Single by Gian Marco

from the album Intuición
- Released: January 18, 2019
- Genre: Latin Pop, Salsa
- Length: 3:46
- Label: Enjoymusic
- Songwriter: Gian Marco Zignago;

Gian Marco singles chronology
| "Tú No Te Imaginas" (2018) | "Sácala a Bailar" (2019) | "Nadie Mas Que Tú" (2019) |

Music video
- "Sácala a Bailar" on YouTube

= Sácala a Bailar =

"Sácala a Bailar" (English: "Ask Her To Dance") is a song by Peruvian singer-songwriter Gian Marco released by Enjoymusic as the third single of his thirteenth studio album Intuición.

==Release and reception==
The song was released on January 18, 2019 on all digital platforms. The song was well received and was considered as one of the best songs of the summer in Perú. The video for the song was released on the same day, filmed in Callao, and was produced by Tondero. The video went viral and was trending in Perú. It is considered as one of the best songs from the album.

Gian Marco stated that he was not going to try urban music like most artists and decided to go for a tropical sound instead when he released this song. While some people applauded Gian Marco for releasing a catchy song, others accused him of caving into the reggaeton genre which he quickly denied stating that that's a genre that he will never do in his life and that the song it's actually a tropical song.

==Music video==
The video was released the same day as the song on Gian Marco's official channel.
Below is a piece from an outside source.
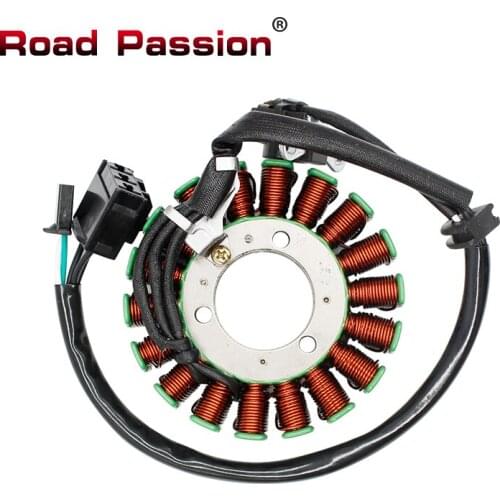 Road Passion Motorcycle Generator Stator Coil For Kawasaki EX250 EX300 Ninja 250 300 250R ER250 Z250 ER300 Z300 21003-0128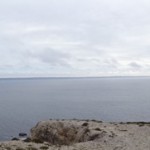 vue panoramique au cap de la chèvre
The video shows Gian Marco playing his guitar and singing the song at different parties while a couple of guys see a pretty girl and follow her to try to ask her to dance but something always prevents them from asking her. The video was filmed in Unidad Modelo, La Punta, and Callao Monumental. The video stars former Miss Peru winner, Natalie Vértiz.

==Charts==
===Weekly charts===

| Chart (2019) | Peak position |
|---|---|
| Perú Pop (Monitor Latino) | 17 |

===Year-end charts===

| Chart (2019) | Position |
|---|---|
| Perú Pop (Monitor Latino) | 34 |

==Awards and nominations==
The song was nominated in for Song of the Year and Best Pop/Urban Song at the Premios Fama in 2019.